The Charitable Continuum

Eric Kades


There are powerful fairness and efficiency arguments for making
charitable donations to soup kitchens 100% deductible. These
arguments have no purchase for donations to fund opulent church
organs, yet these too are 100% deductible under the current tax
code. This stark dichotomy is only the tip of the iceberg. Looking at
a wider sampling of charitable gifts reveals a charitable continuum.
Based on sliding scales for efficiency, multiple theories of fairness,
pluralism, institutional competence and social welfare dictate that
charitable deductions should in most cases be fractions between zero
and one. Moreover, the Central Limit Theorem strongly suggests that
combining this welter of largely independent criteria with the wide
variety of charitable gifts results in a classic bell-shaped normal
curve of optimal deductions, with a peak at some central value and
quickly decaying to zero at the extremes of 0% and 100%. Given
that those are the only two options under the current tax code, the
current charitable deduction regime inevitably makes large errors
in most cases.
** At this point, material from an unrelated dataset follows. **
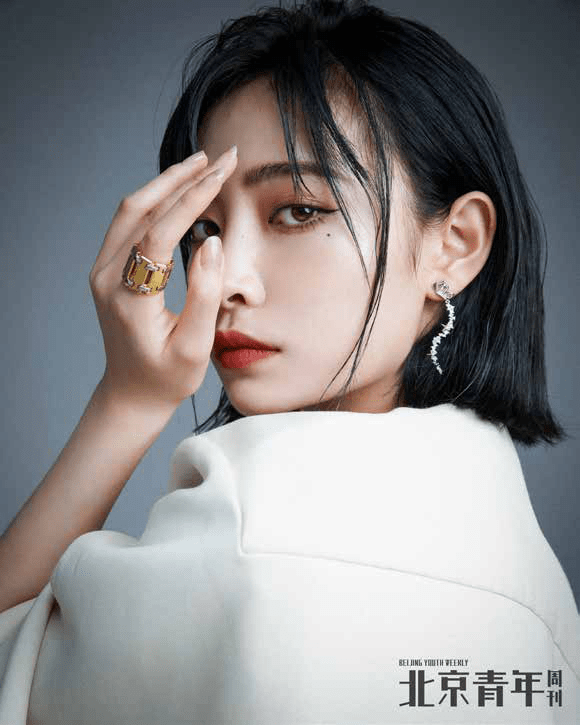 连明星|ZEGL线下体验店！超20000+配饰任挑任试，百元内轻松Get！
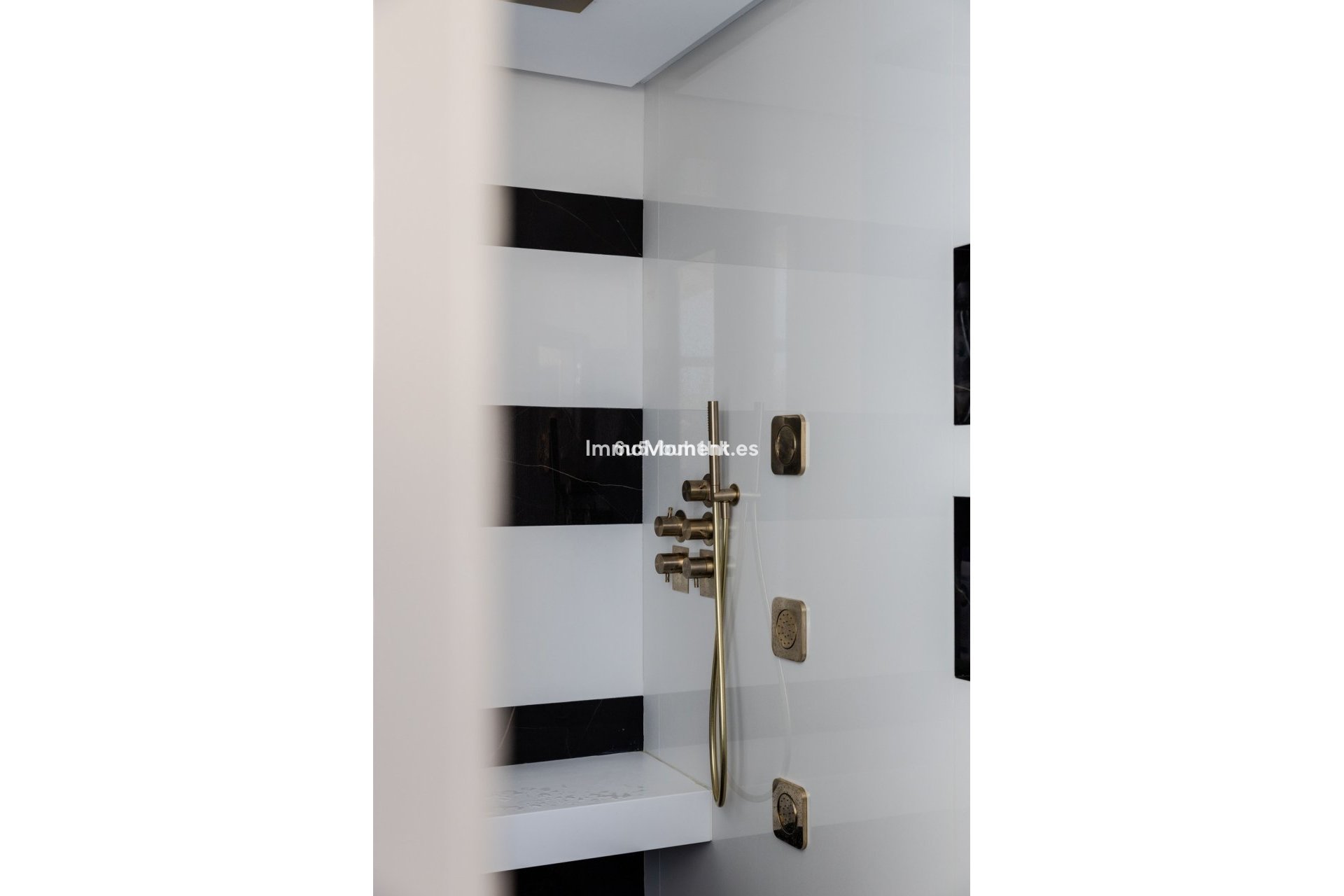 Reventa - Villa - Marbella - Hacienda Las Chapas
Actually calculating a precise optimal percentage for
each type of charitable donation is of course impractical. This Article
suggests, however, that we can do much better than the systematically
erroneous current charitable deduction. Granting a 100% deduction
only for donations to the desperately poor, along with 50%, 25%,
and 0% for gifts yielding progressively fewer efficiency, fairness,
pluralism, and institutional competence benefits, promises to deliver
a socially more desirable charitable deduction.